What You Need to Know
- “It’s like we’re almost in a melt-up,” said David Kudla, founder of Mainstay Capital Management.
- One of the year's worst performers is the iShares Select Dividend ETF, which returned just 0.8%.
Handpicking sectors, sheltering in trendy options strategies, going all-in on dividends — none of it has worked as well this year as simply owning the S&P 500.
As 2023 winds down, investors are taking the year’s keep-it-simple lesson to heart.
Amid a 4% rally this month that’s propelled the index’s 2023 advance to 24%, they’ve been pouring money into plain-vanilla stock funds.

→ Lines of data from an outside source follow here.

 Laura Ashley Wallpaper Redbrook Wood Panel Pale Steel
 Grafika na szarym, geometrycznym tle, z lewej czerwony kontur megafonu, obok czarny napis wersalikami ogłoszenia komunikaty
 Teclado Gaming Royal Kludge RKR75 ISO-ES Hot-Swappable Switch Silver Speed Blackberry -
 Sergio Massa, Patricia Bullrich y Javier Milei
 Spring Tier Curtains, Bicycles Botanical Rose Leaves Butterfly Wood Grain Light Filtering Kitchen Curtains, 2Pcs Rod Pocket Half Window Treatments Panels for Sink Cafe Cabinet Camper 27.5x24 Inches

Equity ETFs have taken in nearly $69 billion so far in December, the best month of inflows in two years, according to data from Bloomberg Intelligence. They have added more than $42 billion to the largest fund tracking the S&P 500 — the $494 billion SPDR S&P 500 ETF Trust (ticker SPY) — putting it on track for the biggest month on record in data going back to 1998.
It’s testament to what’s worked time and again — buying and holding the benchmark gauge, which is hovering near new highs. Left behind have been a litany of supposedly defensive measures that showed themselves to be something else amid 2023’s upward march: market timing in disguise.

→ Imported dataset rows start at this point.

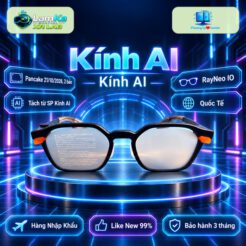 Kính AI RayNeo IO gọng đen đặt trên hộp mở cùng bao đựng màu nâu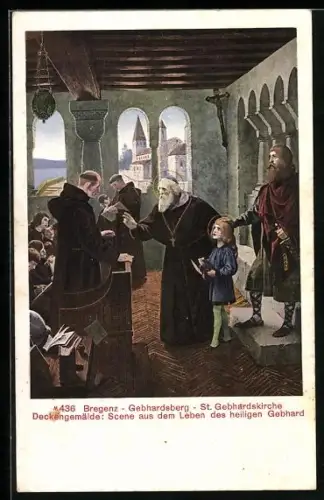 AK Bregenz, St. Gebhardskirche auf dem Gebhardsberg, Deckengemälde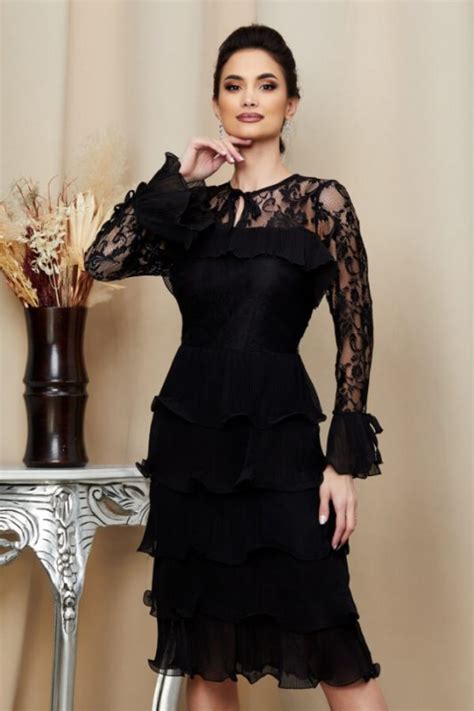 Rochie Midi Neagra Din Voal Cu Volane Rochii Voal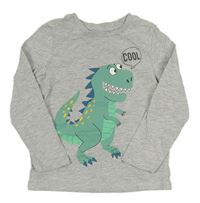 Šedé melírované triko s dinosaurem C&A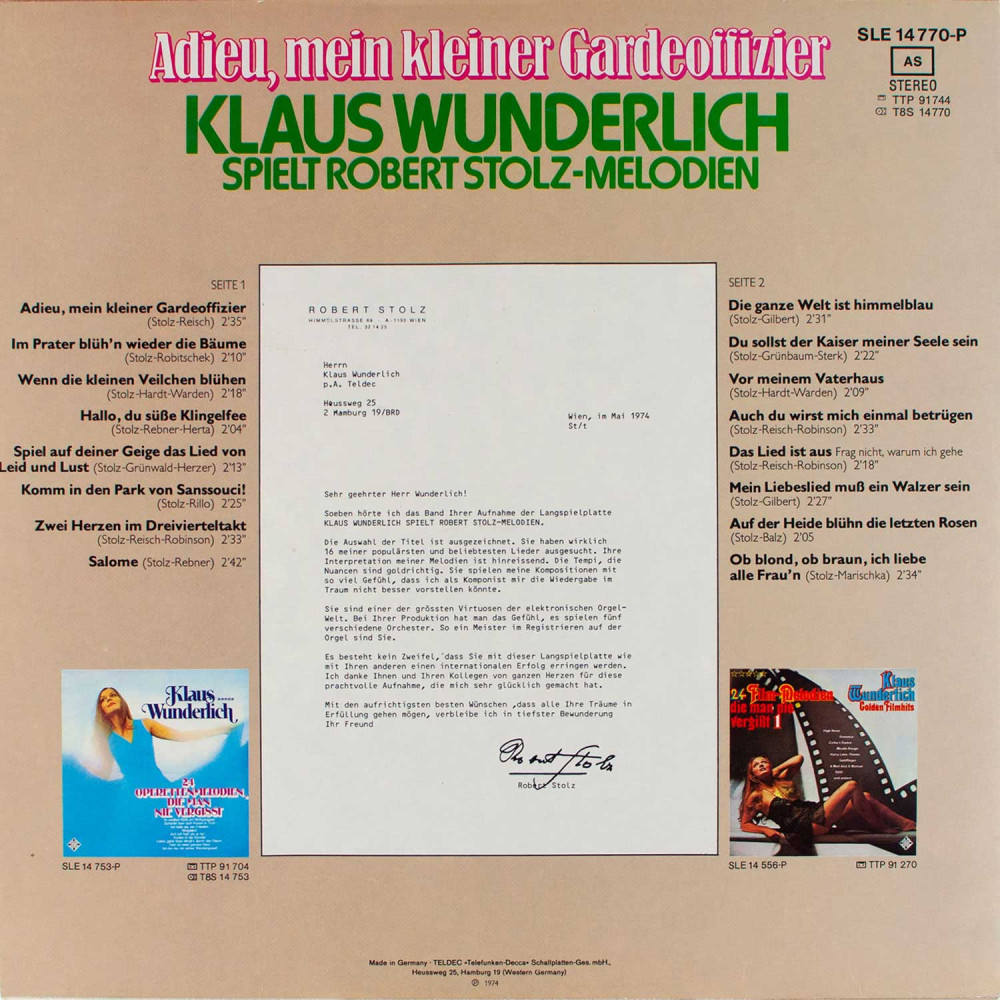 Klaus Wunderlich – Adieu, Mein Kleiner Gardeoffizier - Klaus Wunderlich Spielt Robert Stolz-Melodien (LP)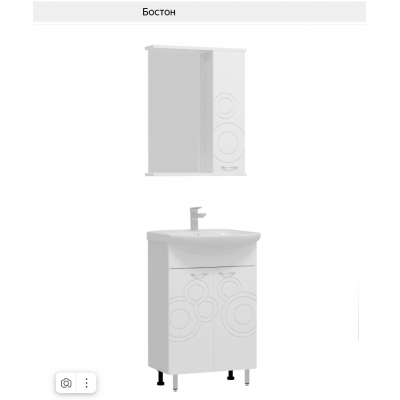 55 Бостон Белый глянец шкаф с зерк. 55х70х13 без освещения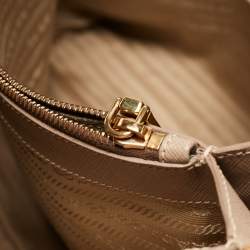 Prada Beige Saffiano Lux Leather Large Promenade Satchel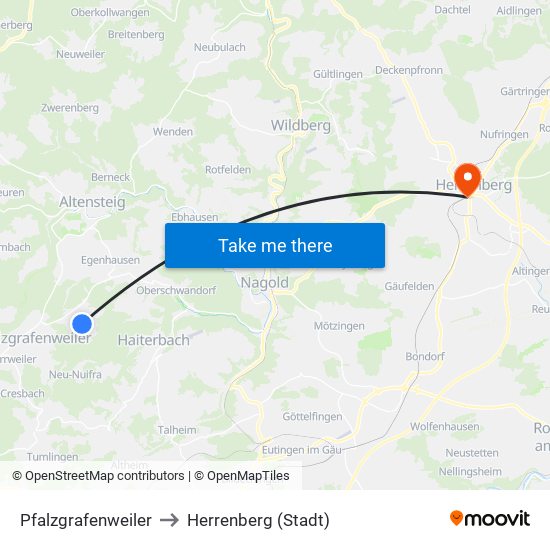 Pfalzgrafenweiler to Herrenberg (Stadt) map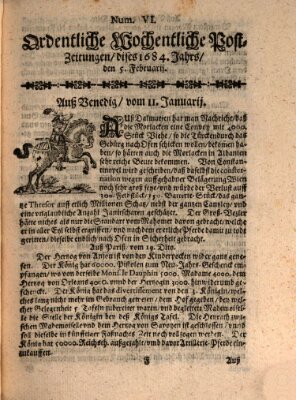Ordentliche wochentliche Post-Zeitungen Samstag 5. Februar 1684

“It’s clear that having a diversified portfolio is probably the best way to navigate the investment climate and the best way to do that is owning the S&P 500 — full stop,” said Art Hogan, chief market strategist at B. Riley Wealth. “If you were to start this year by saying ‘everyone says there’s a recession coming so I’m going to invest defensively,’ you got punched in the nose.”

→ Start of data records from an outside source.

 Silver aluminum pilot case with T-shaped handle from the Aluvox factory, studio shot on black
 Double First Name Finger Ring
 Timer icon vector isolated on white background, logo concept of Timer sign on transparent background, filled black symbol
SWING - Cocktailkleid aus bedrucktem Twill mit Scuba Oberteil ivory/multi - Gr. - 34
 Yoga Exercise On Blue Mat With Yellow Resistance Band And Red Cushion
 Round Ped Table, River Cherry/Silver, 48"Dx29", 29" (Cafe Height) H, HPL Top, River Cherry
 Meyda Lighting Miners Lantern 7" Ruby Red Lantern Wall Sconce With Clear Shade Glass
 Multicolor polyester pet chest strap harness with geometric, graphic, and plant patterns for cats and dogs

Coming into the year, many strategists had expected tepid returns following 2022’s battering.
But amid signs the economy continued to hold up while inflation slowed, stocks rose steadily throughout the year. The gains were turbocharged in recent days after Federal Reserve Chair Jerome Powell suggested interest rates are likely to come down next year.
Nothing has slowed the inbound flow of funds — not even in a week that saw the S&P 500 post one of its worst sessions of the year. Despite Wednesday’s 1.5% drop, the index still managed to advance 0.8%, its eighth straight week of gains and the longest streak since 2017.
“It’s aggressive, but it’s also not entirely unexpected,” said Seema Shah, chief global strategist at Principal Asset Management. “As soon as we saw any indication that chair Powell was having a slight shift in stance, that was opening the doors to a huge flood into the equity space.”
A measure of aggregate equity positioning kept by Deutsche Bank AG has been rising in recent weeks, pushing into “overweight territory,” with systematic strategies also raising their stock exposure further above average, wrote a team led by Parag Thatte.
Its measure of discretionary positioning has also advanced, likely to the top decile of readings. And alongside massive flows into equity ETFs last week, net call volumes in ETF options rose to the highest in five years, the bank’s data show.